El Cupra Raval aterriza con un arsenal tecnológico que redefine el segmento de los eléctricos urbanos: Android Automotive como sistema operativo, conducción semi autónoma de Nivel 2 y una iluminación ambiental que interactúa con la conducción. Bajo su carrocería afilada de cuatro metros, el nuevo modelo de la marca barcelonesa esconde una cabina digital diseñada para que conductor y pasajeros vivan una experiencia conectada e inmersiva.
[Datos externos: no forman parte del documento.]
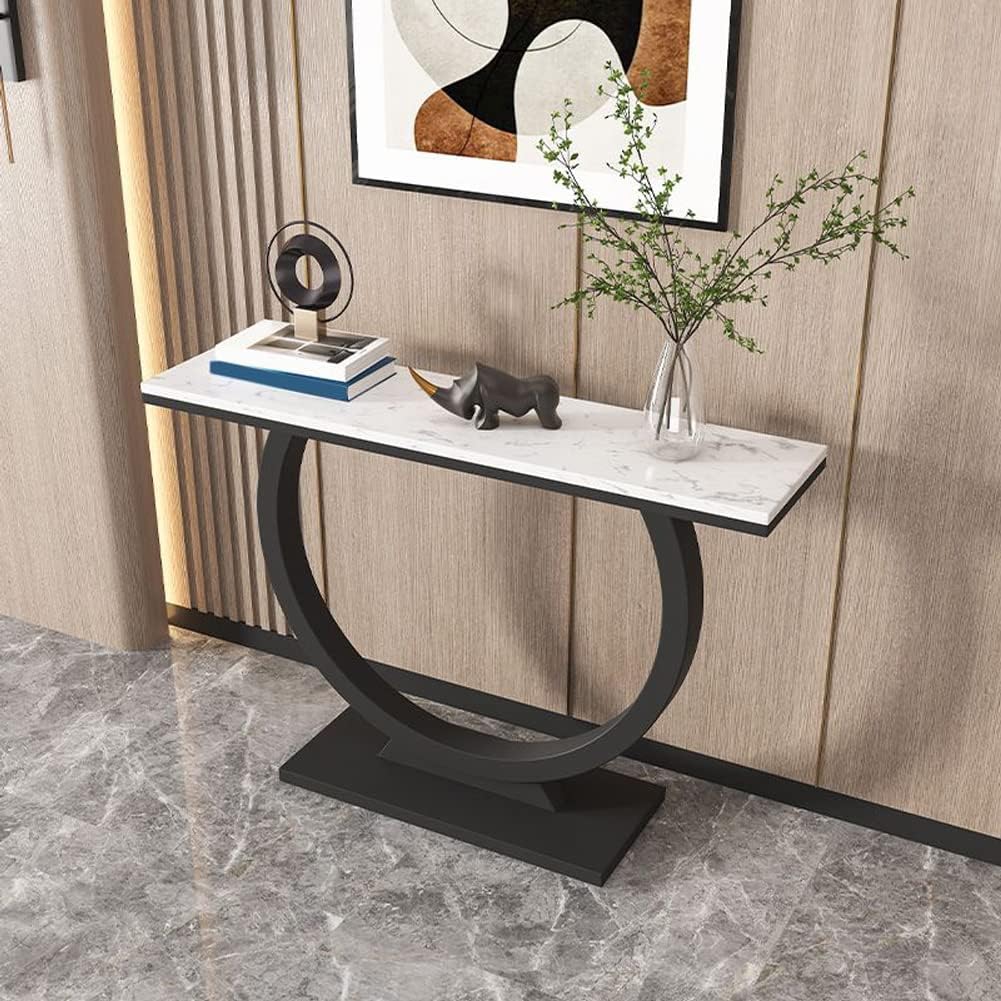 Contemporary Marble Console Table with Artistic Black Circle Support - Image 3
Android Automotive: el corazón digital con apps nativas
El Raval equipa de serie el sistema operativo Android Automotive, una plataforma integrada directamente en el vehículo que no depende del móvil para funcionar. Incluye acceso a la Play Store de Google, lo que permite descargar aplicaciones específicas para el coche y usar asistentes de voz nativos como Google Assistant. Además, la conectividad inalámbrica con Apple CarPlay y Android Auto viene de fábrica, así que basta con subir al coche y el teléfono se empareja automáticamente. El asistente de Google integrado permite controlar el climatizador, la navegación o la música solo con la voz, y el sistema reconoce distintos perfiles de conductor para adaptar ajustes y aplicaciones favoritas automáticamente.
Gracias a esta arquitectura, la pantalla central digital (de serie en todas las versiones) se convierte en un centro multimedia que gestiona navegación, música y llamadas con la fluidez de un smartphone, pero con los controles optimizados para no distraer.
Conducción semi autónoma Nivel 2: asistencia inteligente en ciudad y carretera
El Cupra Raval (aquí la primera prueba) da un paso más en seguridad activa con la conducción semi autónoma de Nivel 2 SAE, que combina control de crucero adaptativo y asistente de mantenimiento de carril. El sistema mantiene la velocidad y la distancia con el vehículo precedente y corrige suavemente la trayectoria dentro del carril, aunque exige que el conductor mantenga las manos en el volante y la atención en la vía. En conducción urbana con tráfico denso, el sistema puede seguir al coche que le precede incluso en paradas y arranques, lo que reduce la fatiga en los desplazamientos cotidianos.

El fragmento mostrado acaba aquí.